Une anatomie favorisant la compression
Le nerf fémoro-cutané (ou nerf cutané latéral de la cuisse) est un nerf sensitif, issu du plexus lombaire (L2-L3). Il émerge latéralement sous le muscle grand psoas pour cheminer dans le bassin, à la surface du muscle iliaque, et il quitte le bassin en passant en dessous, en dessus ou au travers du ligament inguinal, en général à moins de cinq centimètres de l’épine iliaque antéro-supérieure.
Le nerf peut décrire un angle droit à sa sortie du bassin ce qui peut compromettre sa vascularisation. Des études anatomiques ont montré que cet angle et la compression du nerf cutané fémoral latéral augmentent lors de l’extension de la hanche et diminuent lors de la flexion.

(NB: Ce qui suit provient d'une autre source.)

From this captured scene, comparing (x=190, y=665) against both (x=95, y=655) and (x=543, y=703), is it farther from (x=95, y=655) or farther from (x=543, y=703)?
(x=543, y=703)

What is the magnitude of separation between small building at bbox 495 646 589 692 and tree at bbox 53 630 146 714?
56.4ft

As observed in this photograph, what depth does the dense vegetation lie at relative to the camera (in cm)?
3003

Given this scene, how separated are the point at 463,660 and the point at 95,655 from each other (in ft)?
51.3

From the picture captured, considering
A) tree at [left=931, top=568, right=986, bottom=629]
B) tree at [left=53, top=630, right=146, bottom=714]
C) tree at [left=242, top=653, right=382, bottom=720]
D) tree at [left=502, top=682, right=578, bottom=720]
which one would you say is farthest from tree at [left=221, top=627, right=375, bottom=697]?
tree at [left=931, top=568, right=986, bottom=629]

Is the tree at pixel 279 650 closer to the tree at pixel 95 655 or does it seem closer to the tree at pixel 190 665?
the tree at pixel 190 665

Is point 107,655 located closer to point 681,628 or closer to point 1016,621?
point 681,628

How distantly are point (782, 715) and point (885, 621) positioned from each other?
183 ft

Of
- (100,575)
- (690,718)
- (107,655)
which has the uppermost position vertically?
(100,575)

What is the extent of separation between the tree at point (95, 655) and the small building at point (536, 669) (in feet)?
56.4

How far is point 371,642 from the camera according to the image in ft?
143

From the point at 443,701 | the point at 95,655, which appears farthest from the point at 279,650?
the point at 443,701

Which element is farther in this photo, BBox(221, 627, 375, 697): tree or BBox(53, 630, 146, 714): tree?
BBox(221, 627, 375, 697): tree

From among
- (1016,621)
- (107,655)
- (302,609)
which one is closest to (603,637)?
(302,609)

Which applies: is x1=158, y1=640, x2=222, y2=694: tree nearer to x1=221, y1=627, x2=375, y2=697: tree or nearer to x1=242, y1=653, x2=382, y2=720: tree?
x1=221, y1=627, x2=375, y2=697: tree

Un syndrome canalaire du bassin
La méralgie paresthésique traduit donc la compression du nerf fémoro-cutané, le plus souvent à sa sortie du bassin, sous l’épine iliaque antéro-supérieure, dans la traversée de l’arcade fémorale (ou arcade crurale). Dans près d’un cas sur 3, le problème est dû au trajet anormal de ce nerf. Dans d’autres cas, il n’est pas possible de trouver une origine précise.
Les facteurs favorisants sont classiquement l’obésité, le diabète et le port de vêtements (ou d’une ceinture) trop serrés. Certaines positions comme l’extension de la cuisse sur le bassin, peuvent aggraver les symptômes, de même que la marche.
Un diagnostic purement clinique
Le diagnostic est clinique devant une diminution de la sensibilité (« dysesthésie »), des fourmillements ou une sensation de brûlure (« paresthésies »), de topographie en raquette à la face externe de la cuisse (entre l’épine iliaque antéro-supérieure et le bord supérieur de la rotule). Il n’y a aucun déficit musculaire dans la cuisse.
Il est possible de déclencher la sensation désagréable en mettant la cuisse en hyperextension (« Lasègue inversé »), et éventuellement à la percussion/compression de l’arcade crurale (« signe de Tinel »). Il n’y a aucun trouble moteur ou reflexe, à la différence des radiculalgies L3 ou L4.
Le diagnostic peut aussi s’aider d’une infiltration-test du nerf fémoro-cutané avec de la Lidocaïne à 1% : le test est considéré comme positif si le patient a un soulagement immédiat ou très rapide.
Diagnostics différentiels
L’examen clinique exclura d'autres affections pouvant causer des douleurs proches, comme une tendino-bursite du moyen fessier, une compression des racines nerveuses crurale ou une arthrose de la hanche.
Le plus souvent, aucun examen complémentaire n'est nécessaire. Dans les cas difficiles, un électromyogramme peut être demandé mais sous réserve d’une interprétation correcte. En effet, L’examen ne teste pas, comme cela est habituellement la règle dans les syndromes canalaires, la conduction au niveau de la zone de compression, mais au-delà.
On ne recherche donc pas une diminution de la vitesse de conduction nerveuse, mais uniquement la perte axonale sensitive distale, évaluée par la perte d’amplitude du « potentiel d’action sensitif » (PAS). C’est cette étude EMG distale qui permet d’affirmer un diagnostic de méralgie paresthésique délicat.
Traitement essentiellement médical
Il y a peu d'essais contrôlés randomisés publiés sur le traitement de la méralgie paresthésique selon une revue Cochrane. Dans tous les cas, un amaigrissement et l’éviction des ceintures trop serrées sont nécessaires et peuvent suffire.
Des études observationnelles rapportent des améliorations de ce syndrome canalaire après injection locale de corticoïdes. En cas de symptomatologie invalidante, ce nerf peut donc être infiltré à l’aveugle. La visualisation échographique de ce nerf permettrait cependant un meilleur contrôle de la bonne localisation de l’infiltration
L’intérêt de la chirurgie (décompression du nerf ou neurectomie) est également rapporté dans des études observationnelles. Mais, la méralgie paresthésique s'améliorant dans la majorité des cas, spontanément ou sous traitement médical, la neurolyse chirurgicale est exceptionnellement nécessaire.